Content starts
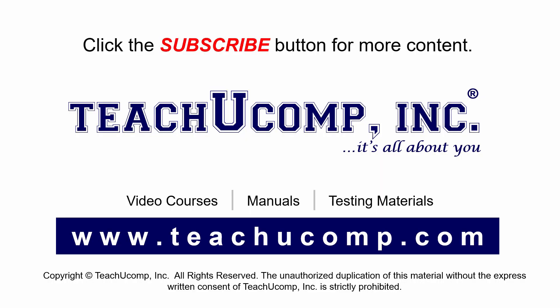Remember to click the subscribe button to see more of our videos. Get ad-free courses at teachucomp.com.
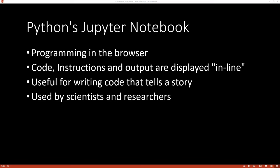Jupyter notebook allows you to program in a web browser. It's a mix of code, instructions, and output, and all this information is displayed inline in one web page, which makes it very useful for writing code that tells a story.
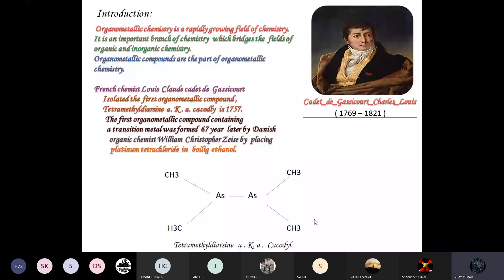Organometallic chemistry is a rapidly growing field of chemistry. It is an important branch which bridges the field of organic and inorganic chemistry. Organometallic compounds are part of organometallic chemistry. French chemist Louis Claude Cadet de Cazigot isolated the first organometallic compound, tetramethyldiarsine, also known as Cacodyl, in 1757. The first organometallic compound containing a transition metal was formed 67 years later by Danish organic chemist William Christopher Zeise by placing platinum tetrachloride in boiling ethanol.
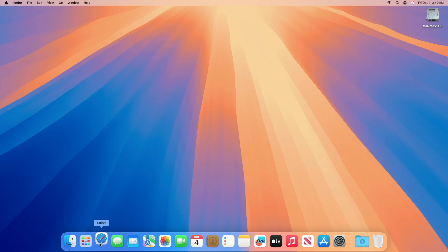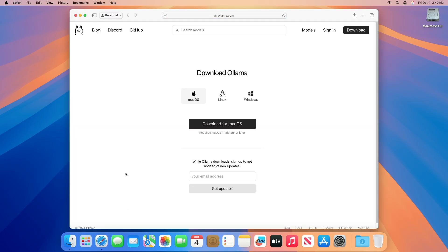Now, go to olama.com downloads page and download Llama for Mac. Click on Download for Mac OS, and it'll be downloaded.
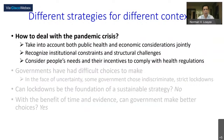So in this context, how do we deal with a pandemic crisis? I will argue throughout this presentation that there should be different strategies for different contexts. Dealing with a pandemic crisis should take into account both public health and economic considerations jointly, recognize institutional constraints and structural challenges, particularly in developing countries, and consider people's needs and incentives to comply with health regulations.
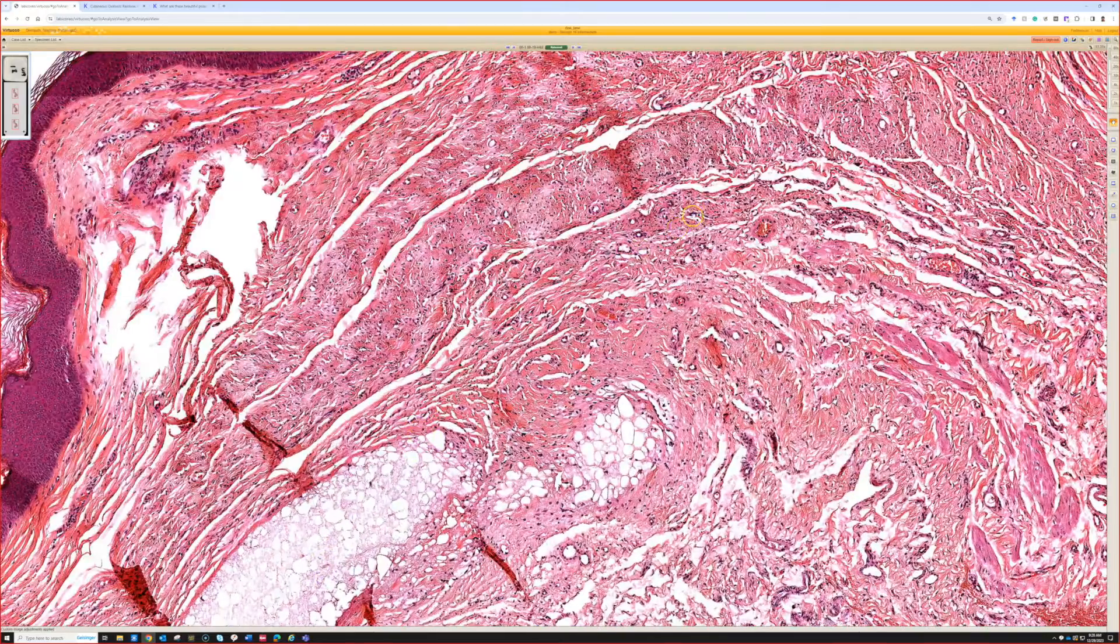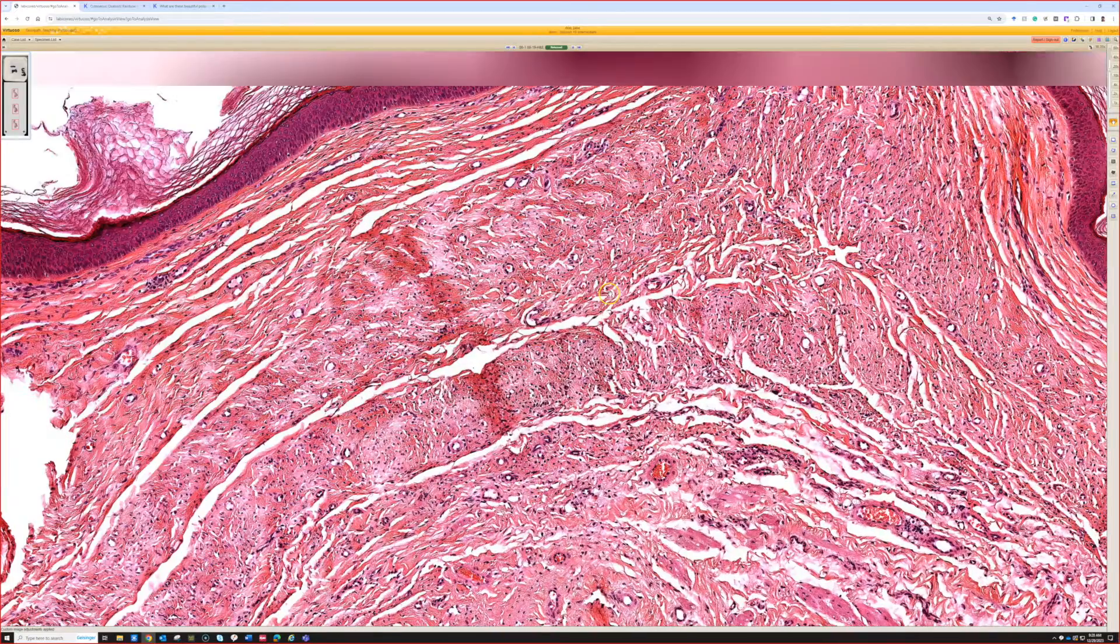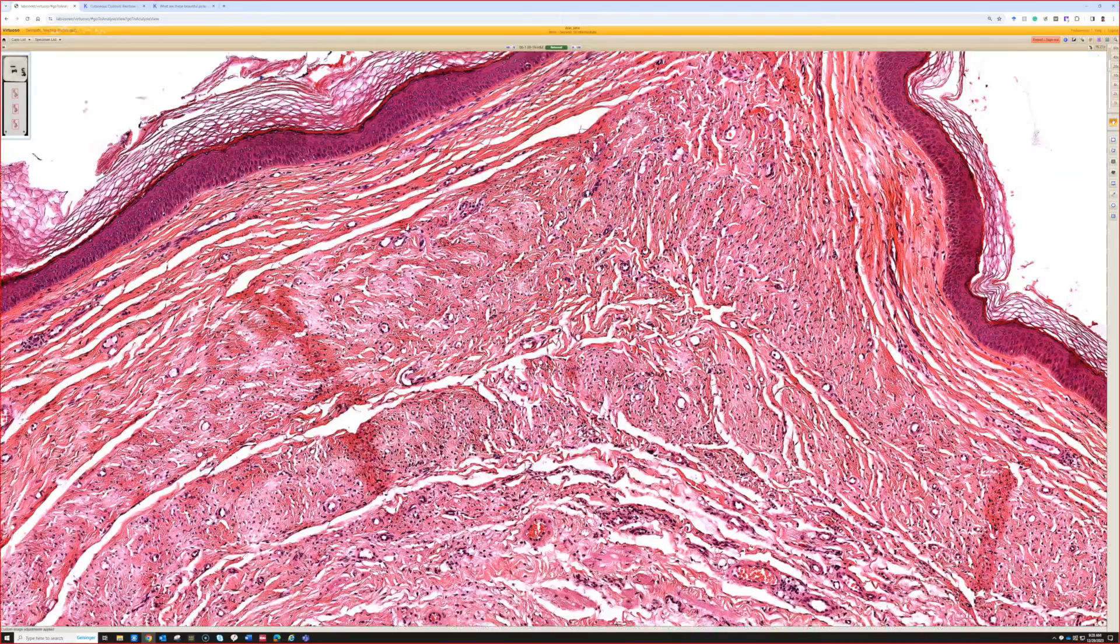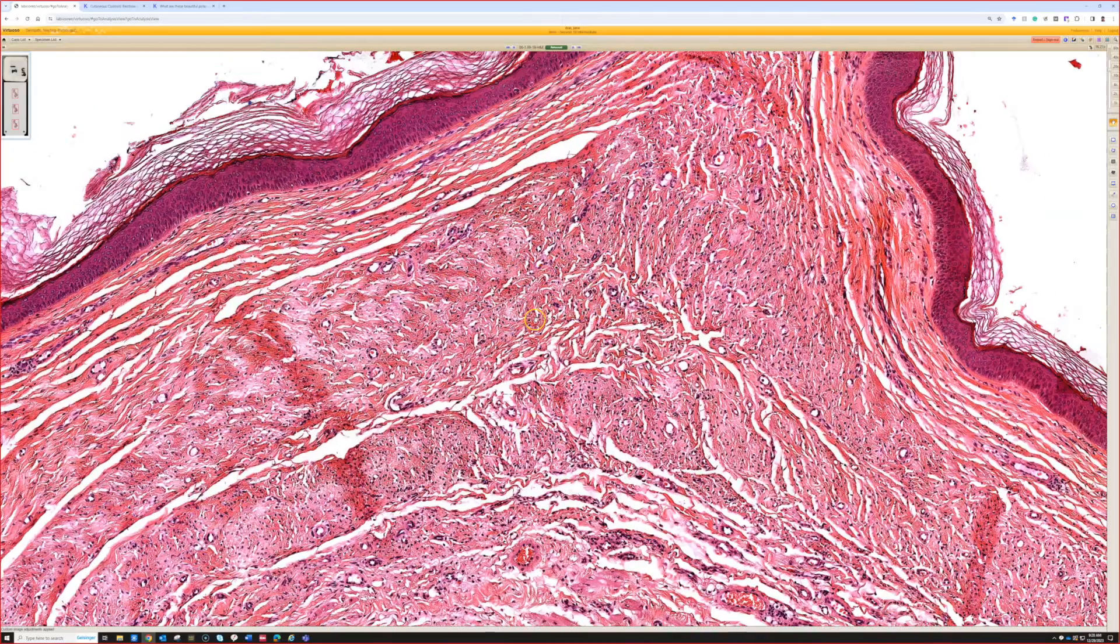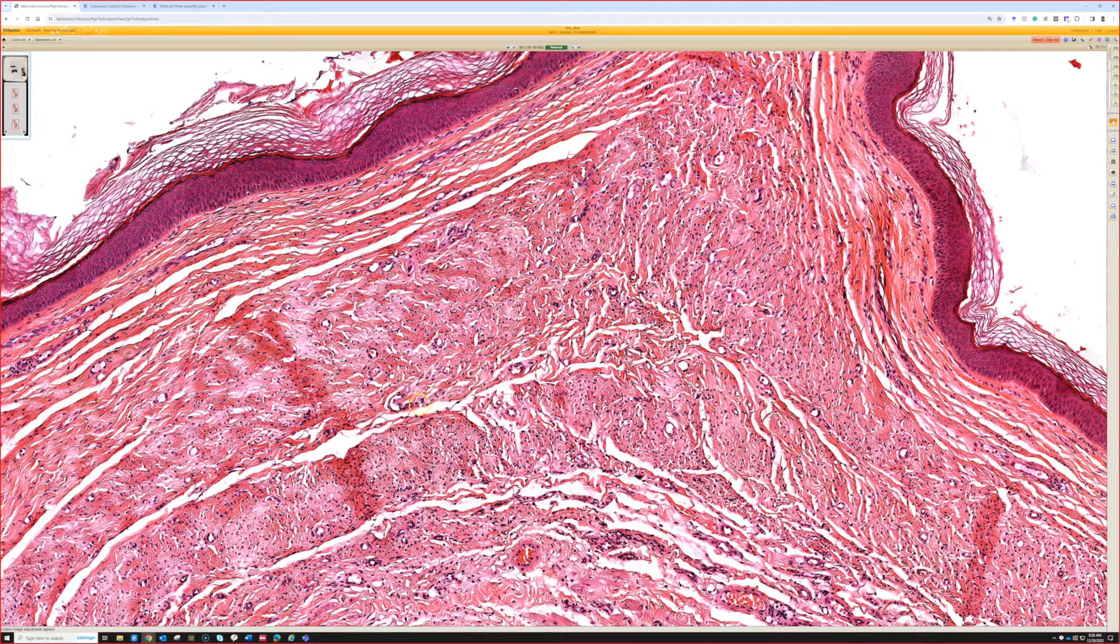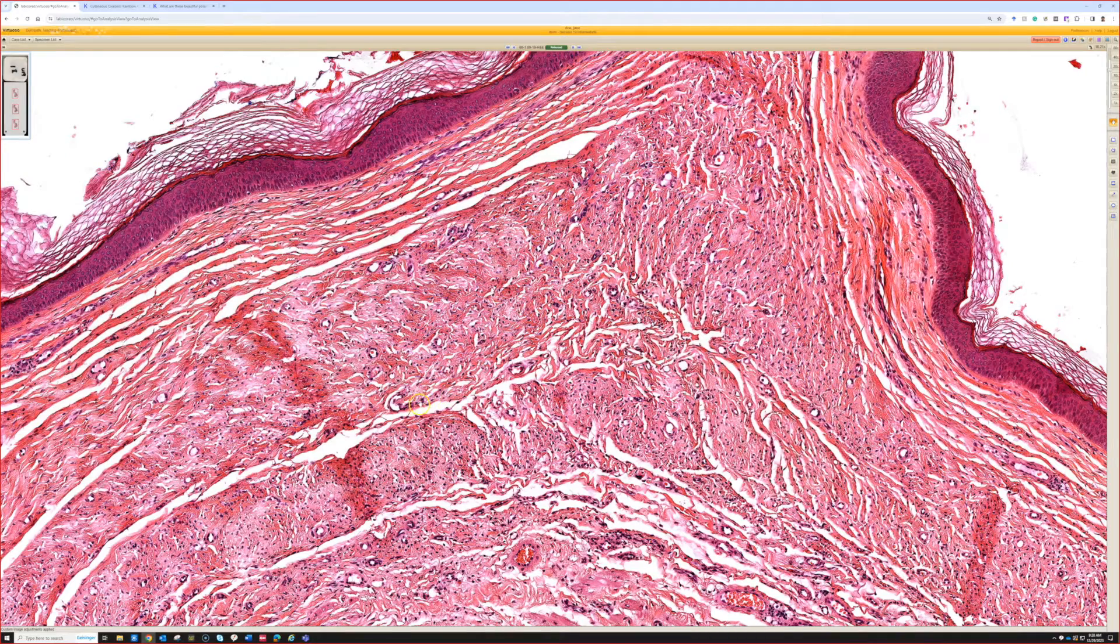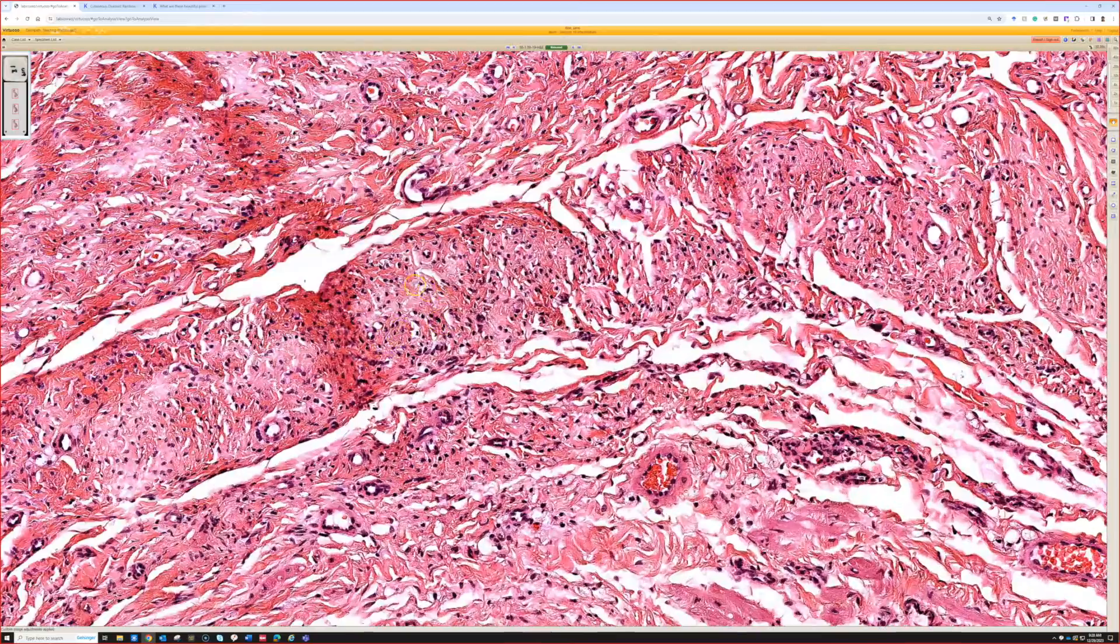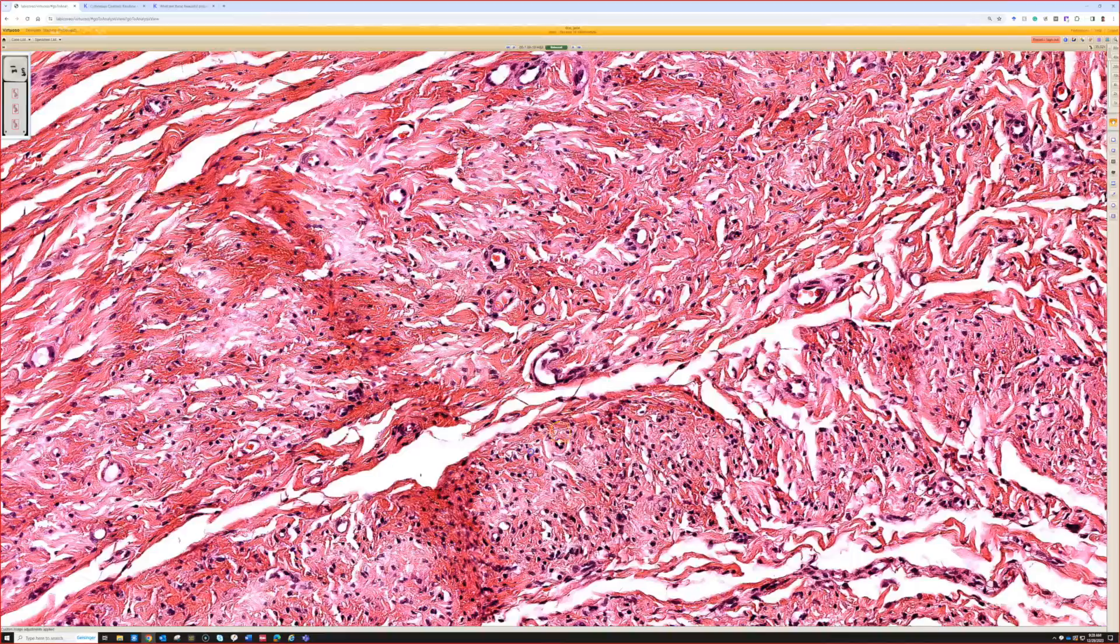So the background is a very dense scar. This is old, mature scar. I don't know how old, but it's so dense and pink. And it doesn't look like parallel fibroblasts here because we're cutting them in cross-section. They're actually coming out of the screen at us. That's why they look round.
Content ends
WORK INSTRUCTIONS
Would you give the data above again word for word, minus the pictures?

OUTPUT OF THE EXERCISE
Remember to click the subscribe button to see more of our videos. Get ad-free courses at teachucomp.com.
Jupyter notebook allows you to program in a web browser. It's a mix of code, instructions, and output, and all this information is displayed inline in one web page, which makes it very useful for writing code that tells a story.
Organometallic chemistry is a rapidly growing field of chemistry. It is an important branch which bridges the field of organic and inorganic chemistry. Organometallic compounds are part of organometallic chemistry. French chemist Louis Claude Cadet de Cazigot isolated the first organometallic compound, tetramethyldiarsine, also known as Cacodyl, in 1757. The first organometallic compound containing a transition metal was formed 67 years later by Danish organic chemist William Christopher Zeise by placing platinum tetrachloride in boiling ethanol.
Now, go to olama.com downloads page and download Llama for Mac. Click on Download for Mac OS, and it'll be downloaded.
So in this context, how do we deal with a pandemic crisis? I will argue throughout this presentation that there should be different strategies for different contexts. Dealing with a pandemic crisis should take into account both public health and economic considerations jointly, recognize institutional constraints and structural challenges, particularly in developing countries, and consider people's needs and incentives to comply with health regulations.
So the background is a very dense scar. This is old, mature scar. I don't know how old, but it's so dense and pink. And it doesn't look like parallel fibroblasts here because we're cutting them in cross-section. They're actually coming out of the screen at us. That's why they look round.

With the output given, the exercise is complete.